What is Virtualization?
Before going any further, it is important to have a clear understanding of what virtualization is, since it is a term that many business professionals may hear but may not fully understand. As the name implies, virtualization deals with the creation of a virtual machine, operating system, storage system, or some other computing resource. In this case, we are primarily dealing with virtual machines.
Rather than having 3 separate physical servers, for example, someone who utilizes virtualization may run three virtual machines on one server. In each instance, the virtual machine has its own operating system, own applications, and essentially runs independently of the others. The virtual machine management system will allocate CPU and RAM according to the system administrator’s specifications.
The Benefits of Virtualization
There are both general benefits to virtualization and benefits specific to big data. In general virtualization is good when you need to run two separate systems but do not need to allocate an entire machine to each one. For example, you could have two servers, one running Red Hat Enterprise Linux (RHEL) and another running OpenBSD, each of which uses less than 50% of its server’s resources. On the other hand, with virtualization, you could run one server with any OS of your choice and then create two virtual machines, one running RHEL and the other running OpenBSD, thereby maximizing your server’s resources.
The latter method saves energy, money, and ultimately time.

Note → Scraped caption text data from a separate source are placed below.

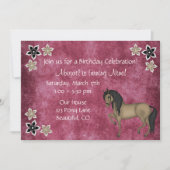  Bruin Paard en Bloemen Verjaardagsuitnodiging Kaart (Voorkant)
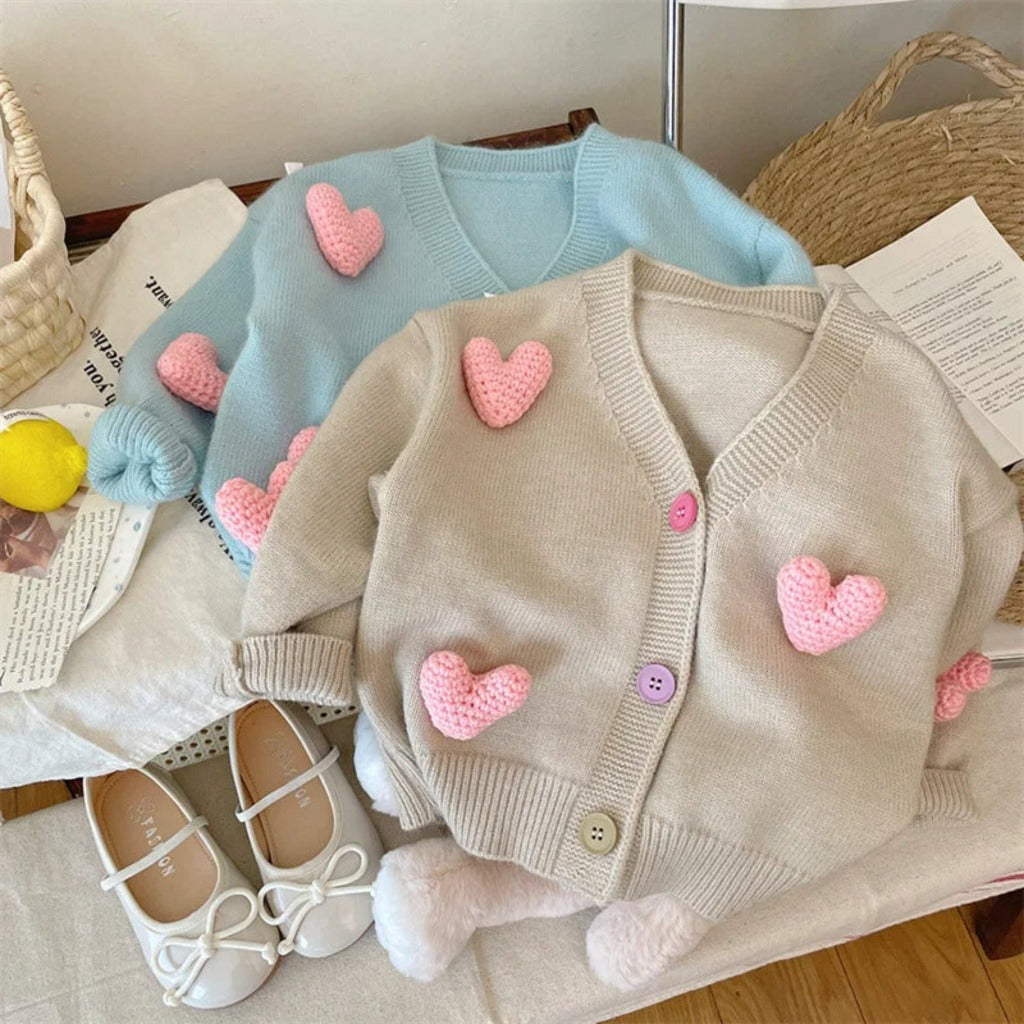 Knit Cotton Cardigan with Hearts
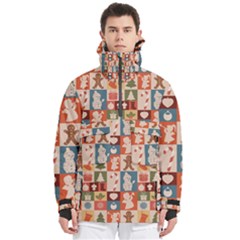 Cute Christmas Seamless Pattern Vector  - Men s Pullover Zip Ski And Snowboard Waterproof Breathable Jacket by Ket1n9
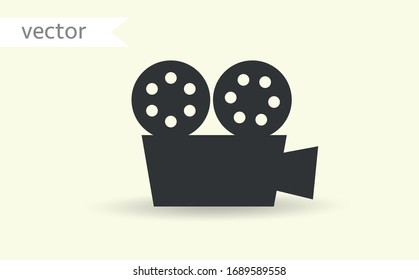 Video camera icon on a white background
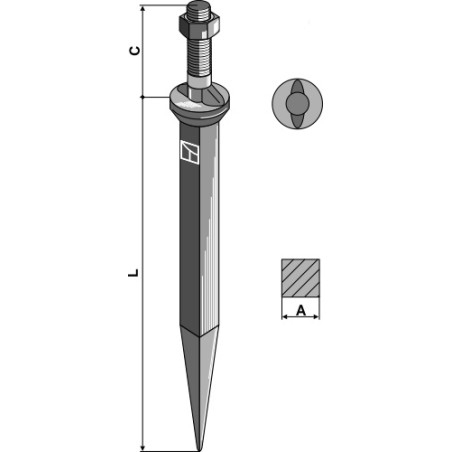 Dent de herse en acier au bore, collet ovale le long du sens de la marche - AG002946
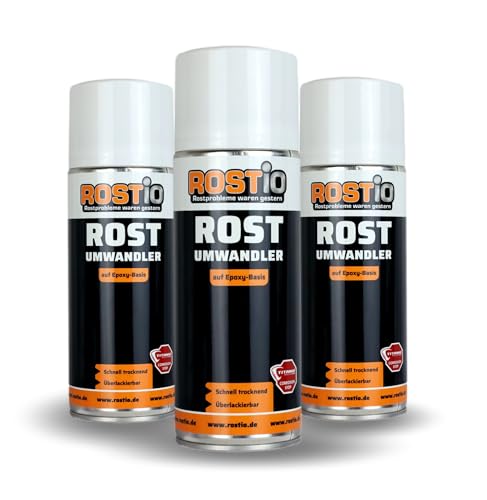 Rostio 3 x Rostumwandler Spray 400ml Rostkonverter Epoxy mit Grundierung, neutralisiert Rost und stoppt Korrosion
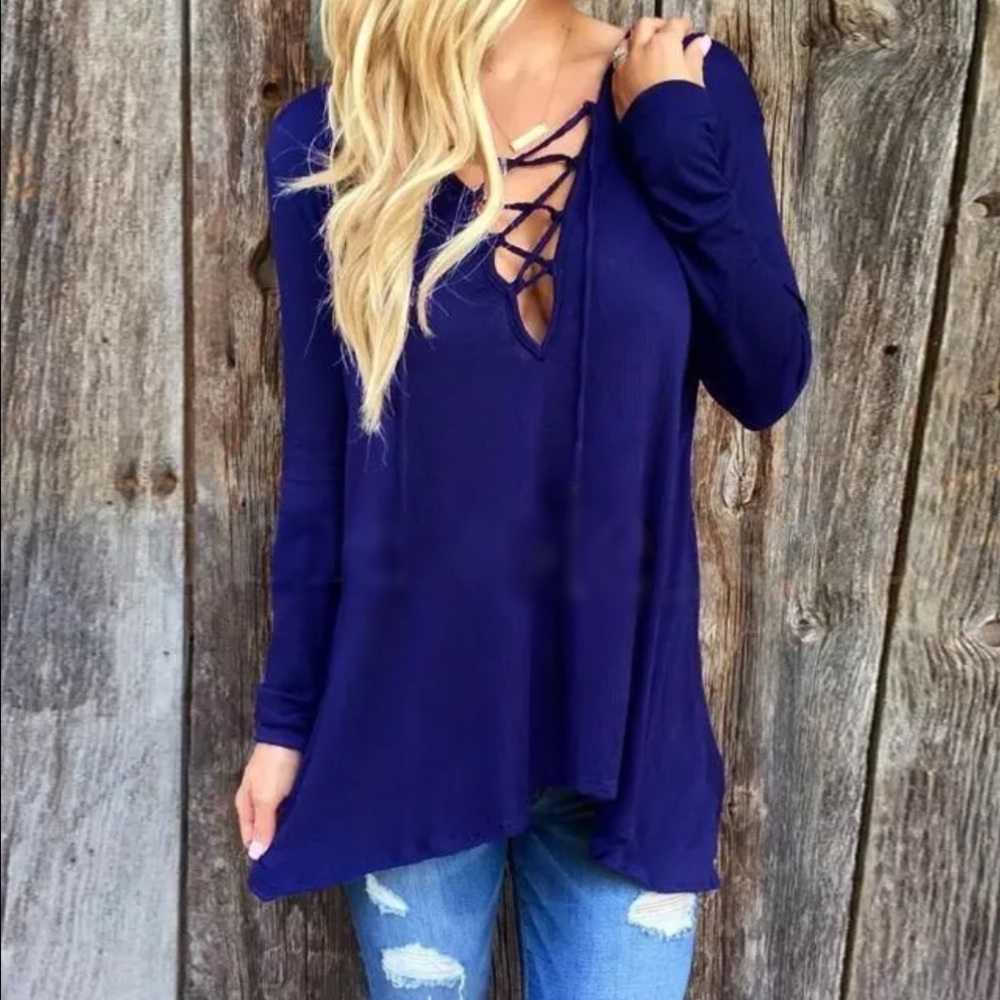 Royal Blue Lace Up Hoodie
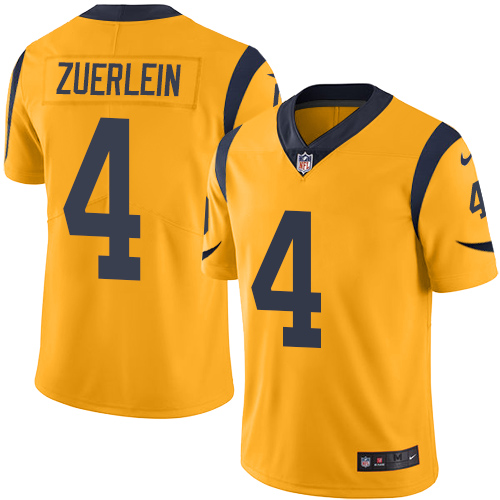 Men's Nike Los Angeles Rams #4 Greg Zuerlein Limited Gold Rush Vapor Untouchable NFL Jersey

It saves energy because one server uses less power than two. It saves money because you only had to pay for one server, and it saves time because you only had to setup and deploy one server rather than two. Essentially, virtualization is all about saving.
So, how does virtualization help big data solutions? Big data needs to be scalable. Remember, by its very nature, big data will grow. What may begin with a few servers may multiply into several data centers. The only efficient way to scale big data is to use virtualization. Many cloud service providers, such as Amazon Web Services and Azure, have already formulated cost-effective rapid deployments of virtual machines. Within minutes, you can create several virtual machines and deploy Hadoop on some cloud services. With many on-premise deployments, this efficiency is often lacking.
Applying Big Data to Virtualization Environments
There are many ways to maximize a big data operations through virtualization. One example of this is Google’s Compute Engine. By providing 700,000 virtual cores for users to easily attach virtual machines to and then tear them down when the finish, Google offers virtual big data infrastructure to its customers. Google has also made the open source technology that powers Compute Engine more efficient through its code contribution and improvements to KVM (Kernel-based Virtual Machine), which has become the standard Linux virtualization technology. Others, such as Xen Hypervisor, which Amazon uses for EC2, and the commercial offerings from VMware are also widely used across many industries.
VMware’s Project Serengeti leverages vSphere as a platform for Hadoop applications. Like the Google implementation, users can save time and money with quick deployments of fully-functional Hadoop installations without having to setup new physical hardware every time. Some of the vSphere features include the cloning of identical nodes for rapid replacing in the event of failure. Being a commercial project, however, VMware does also come with significant cost for each node.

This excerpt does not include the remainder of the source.